You’ve got to love it – that always forgiving body-hugging Lycra -especially if it’s of the black shiny spandex variety that’s stronger than rubber and hugs your thighs, thereby helping you forget you added a whole size to your girth during the holidays.
I always feel like a superhero when I’m wearing it.
Lycra might be the only fabric that “loves you back” as it refuses to bag and bunch. Why, Mr. Levi Strauss has even come out with Lycra jeans and I bought a pair to wear while I do my annual “shrink down.”
I have been reliably informed that shiny Spandex bodysuits, in fetching shades of lavender, aquamarine, puce and jade, are to be the fashion statement of 2010. Well, okay. I made that up, but it could happen.
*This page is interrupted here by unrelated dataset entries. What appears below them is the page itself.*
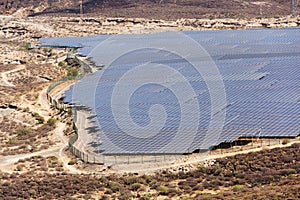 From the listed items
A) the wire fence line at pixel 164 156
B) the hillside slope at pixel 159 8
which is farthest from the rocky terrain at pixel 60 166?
the hillside slope at pixel 159 8

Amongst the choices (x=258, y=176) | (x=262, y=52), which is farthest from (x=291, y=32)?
(x=258, y=176)

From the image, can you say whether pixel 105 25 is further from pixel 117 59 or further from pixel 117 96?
pixel 117 96

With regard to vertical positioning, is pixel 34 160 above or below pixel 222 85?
below

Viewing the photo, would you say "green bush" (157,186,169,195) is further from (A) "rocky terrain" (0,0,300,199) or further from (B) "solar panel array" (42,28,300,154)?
(B) "solar panel array" (42,28,300,154)

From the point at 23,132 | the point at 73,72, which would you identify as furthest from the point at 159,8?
the point at 23,132

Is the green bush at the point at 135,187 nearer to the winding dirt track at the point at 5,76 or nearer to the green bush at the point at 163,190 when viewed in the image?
the green bush at the point at 163,190

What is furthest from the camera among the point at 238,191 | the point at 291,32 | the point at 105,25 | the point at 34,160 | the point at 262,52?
the point at 105,25

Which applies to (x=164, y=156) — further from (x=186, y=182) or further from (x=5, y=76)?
(x=5, y=76) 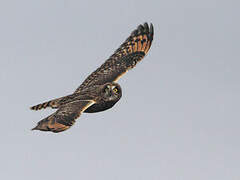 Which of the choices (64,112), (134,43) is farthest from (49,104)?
(134,43)

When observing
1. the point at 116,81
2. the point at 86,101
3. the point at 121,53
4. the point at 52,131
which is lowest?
the point at 52,131

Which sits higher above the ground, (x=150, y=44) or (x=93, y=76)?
(x=150, y=44)

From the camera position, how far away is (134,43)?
29.5m

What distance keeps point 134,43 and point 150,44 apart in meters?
0.74

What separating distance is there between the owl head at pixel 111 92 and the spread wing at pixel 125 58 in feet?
5.81

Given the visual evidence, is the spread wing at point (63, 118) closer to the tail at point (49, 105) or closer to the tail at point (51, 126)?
the tail at point (51, 126)

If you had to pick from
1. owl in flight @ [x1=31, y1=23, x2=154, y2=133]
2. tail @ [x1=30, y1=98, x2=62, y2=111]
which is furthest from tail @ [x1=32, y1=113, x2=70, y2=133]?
tail @ [x1=30, y1=98, x2=62, y2=111]

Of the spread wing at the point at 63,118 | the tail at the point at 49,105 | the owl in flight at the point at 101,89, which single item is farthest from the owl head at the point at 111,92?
the tail at the point at 49,105

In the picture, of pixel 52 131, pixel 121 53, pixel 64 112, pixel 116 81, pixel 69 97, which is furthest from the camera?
pixel 121 53

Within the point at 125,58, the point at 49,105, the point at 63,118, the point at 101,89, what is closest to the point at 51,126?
the point at 63,118

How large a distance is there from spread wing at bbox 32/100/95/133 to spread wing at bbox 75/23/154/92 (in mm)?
3928

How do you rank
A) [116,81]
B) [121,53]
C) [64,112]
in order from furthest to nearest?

Rimmel has come out with a line of Lycra make-up. Not sure how that works, but I’m in the market for some.
I like wearing Lycra it to the grocery store while I’m buying my cottage cheese, sprouts and spinach. People think I’m just back from a bike ride or a bit of figure skating. Never mind that I don’t own a bike, and I haven’t been able to find a frozen pond in Mississippi.
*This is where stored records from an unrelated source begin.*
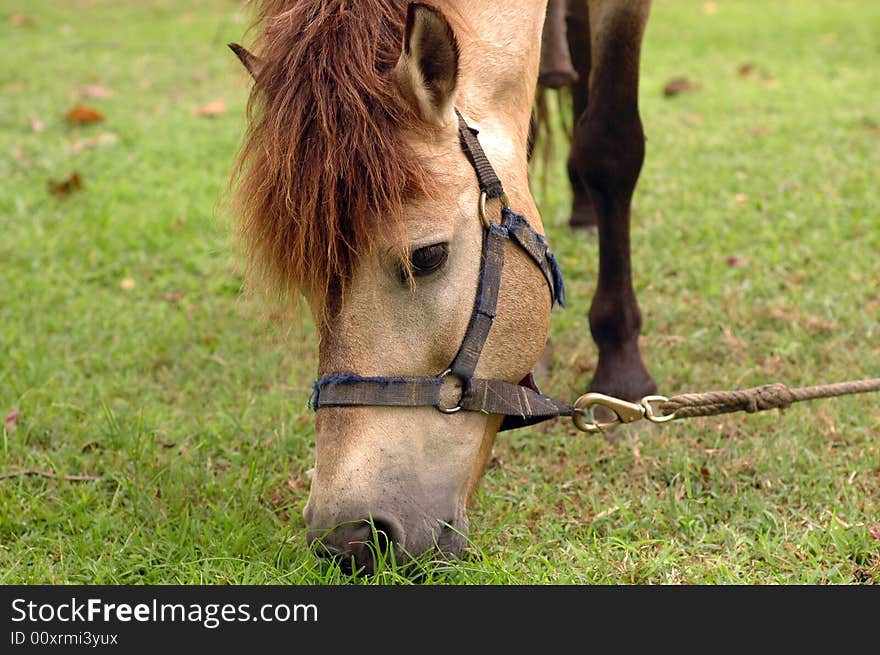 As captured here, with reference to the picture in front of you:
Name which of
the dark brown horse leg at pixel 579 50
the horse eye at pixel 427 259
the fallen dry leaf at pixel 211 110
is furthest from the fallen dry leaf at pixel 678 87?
the horse eye at pixel 427 259

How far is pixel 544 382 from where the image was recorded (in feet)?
12.5

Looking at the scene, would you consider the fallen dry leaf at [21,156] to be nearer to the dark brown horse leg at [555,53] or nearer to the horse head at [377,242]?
the dark brown horse leg at [555,53]

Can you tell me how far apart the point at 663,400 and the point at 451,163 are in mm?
926

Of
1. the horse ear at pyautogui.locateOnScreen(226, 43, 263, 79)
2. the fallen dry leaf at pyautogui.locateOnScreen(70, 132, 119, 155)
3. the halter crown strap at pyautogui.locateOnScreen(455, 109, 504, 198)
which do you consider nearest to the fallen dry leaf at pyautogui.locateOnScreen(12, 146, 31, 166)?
the fallen dry leaf at pyautogui.locateOnScreen(70, 132, 119, 155)

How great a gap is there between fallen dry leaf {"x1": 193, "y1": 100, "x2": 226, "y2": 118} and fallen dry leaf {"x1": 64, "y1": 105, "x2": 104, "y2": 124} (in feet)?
2.58

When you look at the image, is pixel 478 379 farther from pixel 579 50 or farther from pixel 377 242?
pixel 579 50

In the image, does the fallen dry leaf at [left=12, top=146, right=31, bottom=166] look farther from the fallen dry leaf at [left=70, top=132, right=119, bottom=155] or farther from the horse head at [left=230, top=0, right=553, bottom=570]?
the horse head at [left=230, top=0, right=553, bottom=570]

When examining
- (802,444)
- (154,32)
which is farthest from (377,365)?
(154,32)

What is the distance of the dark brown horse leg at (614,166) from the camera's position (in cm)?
337

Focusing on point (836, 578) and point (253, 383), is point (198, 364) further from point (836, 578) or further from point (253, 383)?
point (836, 578)

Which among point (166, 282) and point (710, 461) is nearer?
point (710, 461)

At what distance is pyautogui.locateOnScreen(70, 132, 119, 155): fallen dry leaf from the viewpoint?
22.0 feet

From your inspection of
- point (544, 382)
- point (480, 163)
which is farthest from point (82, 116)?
point (480, 163)

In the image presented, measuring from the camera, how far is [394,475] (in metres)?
2.21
Doesn’t matter – my exercise program won’t begin until February when the whiz-bang New Year’s work-out enthusiasts run out of steam.
Besides, I’m not sure the gym is safe. I read about a fatality that occurred when an exercise ball popped while a man was lifting heavy weights over his head. And last year I witnessed a lady almost get eaten alive when she tripped on her treadmill and the conveyer belt tried to suck her into the mill. I guess that’s why they call it a treadmill. Surely, that would be my luck.
For now, I’m still in recovery from the holiday sweet treats, and my efforts are limited to exercising better eating habits in the new year.